══ PROVIDED RECORDS
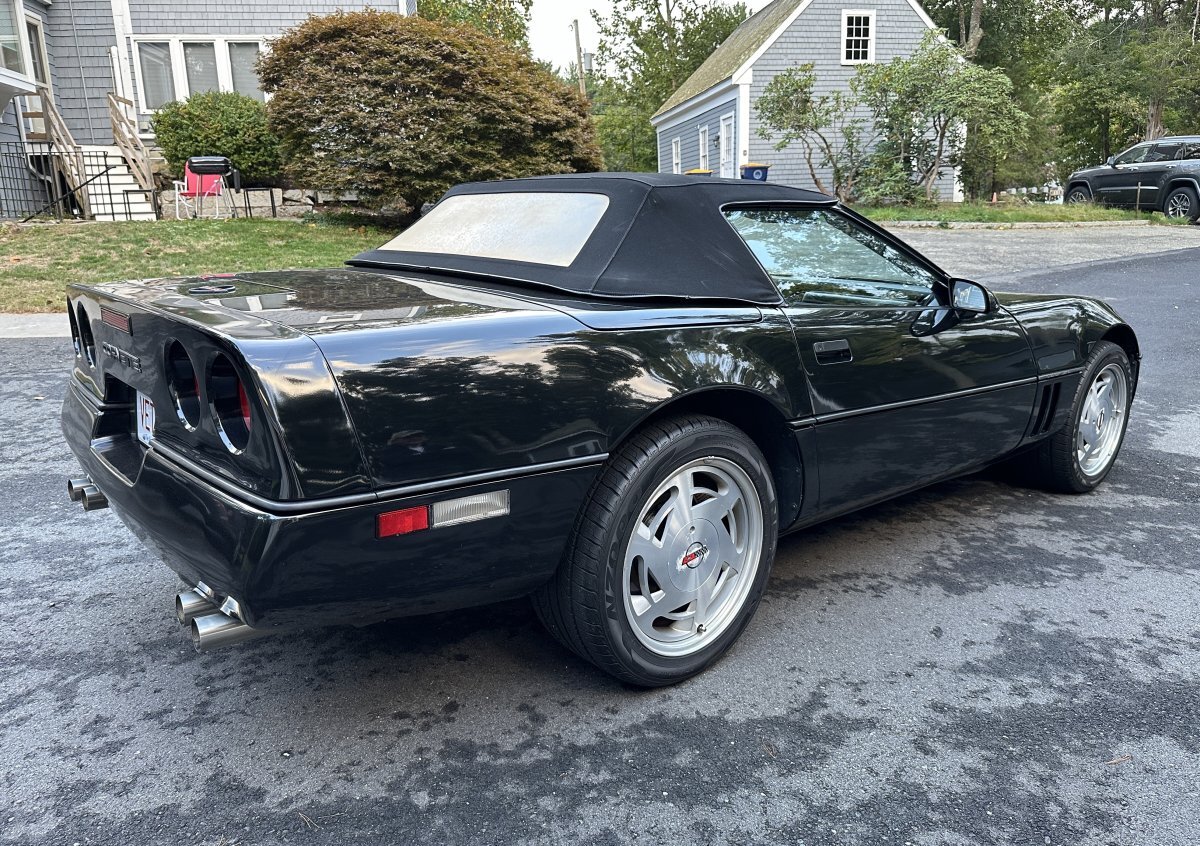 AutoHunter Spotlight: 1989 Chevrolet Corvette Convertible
════
══ PROVIDED RECORDS
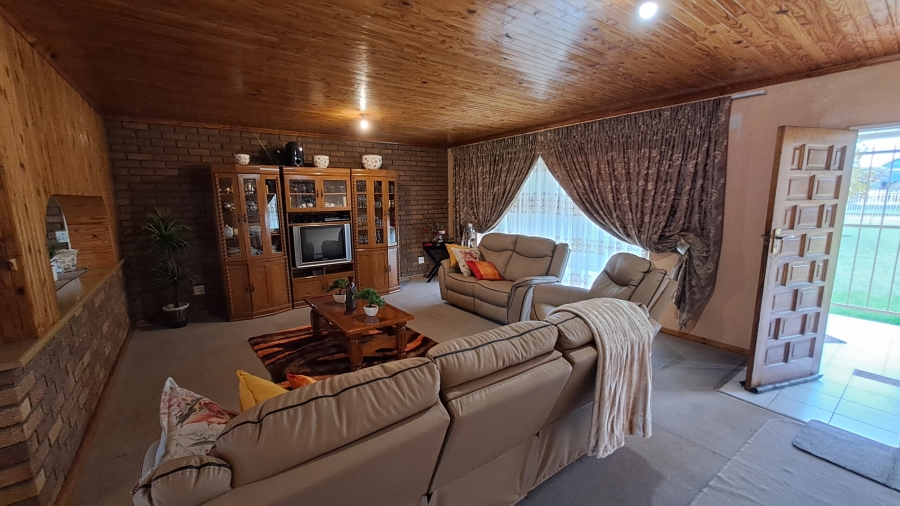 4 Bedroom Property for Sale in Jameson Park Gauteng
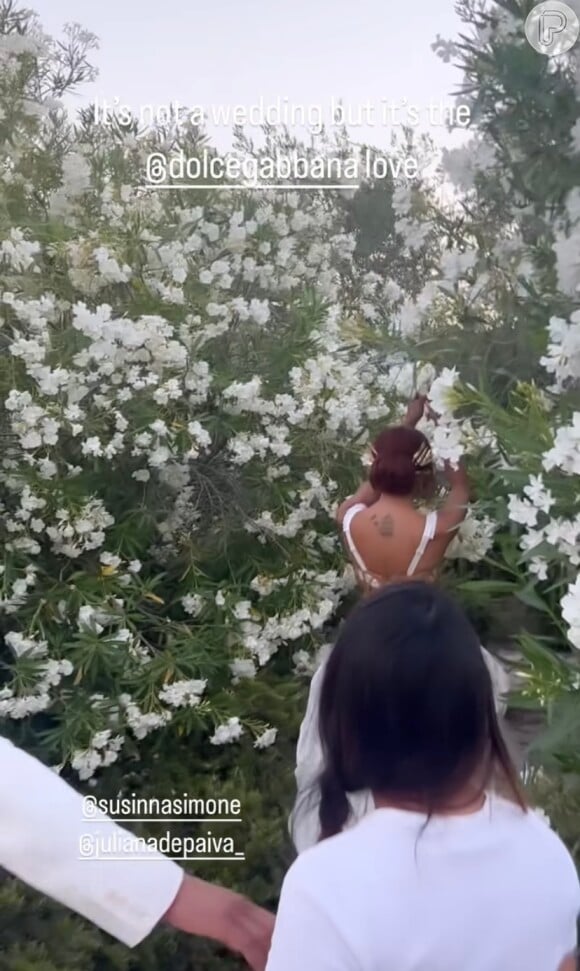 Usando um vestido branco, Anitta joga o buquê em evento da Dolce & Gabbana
════
══ PROVIDED RECORDS
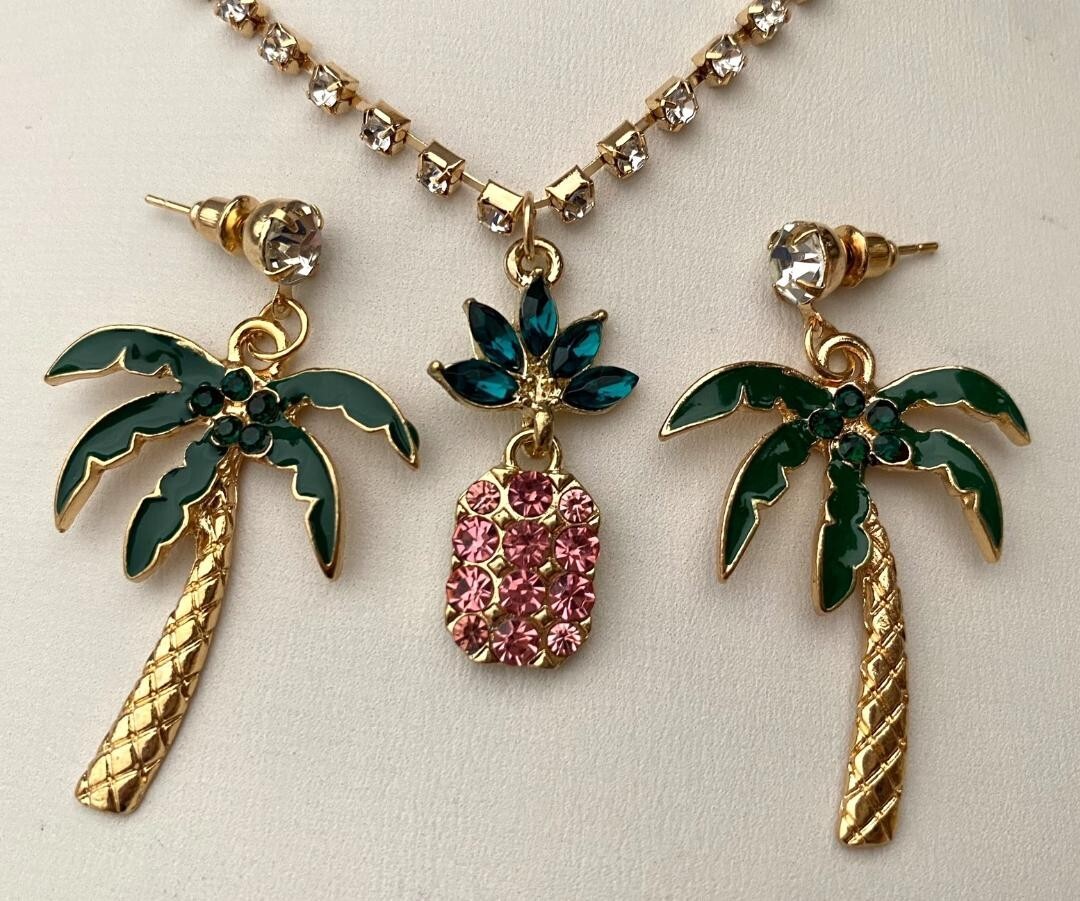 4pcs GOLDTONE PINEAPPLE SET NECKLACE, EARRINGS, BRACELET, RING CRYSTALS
════
Could you write out exactly the lines of the data above that run from the one holding "4 Bedroom Property" to the one holding "Usando um vestido", with both ends in and all pictures out?

- _RESULT OF THIS TASK_
 4 Bedroom Property for Sale in Jameson Park Gauteng
 Usando um vestido branco, Anitta joga o buquê em evento da Dolce & Gabbana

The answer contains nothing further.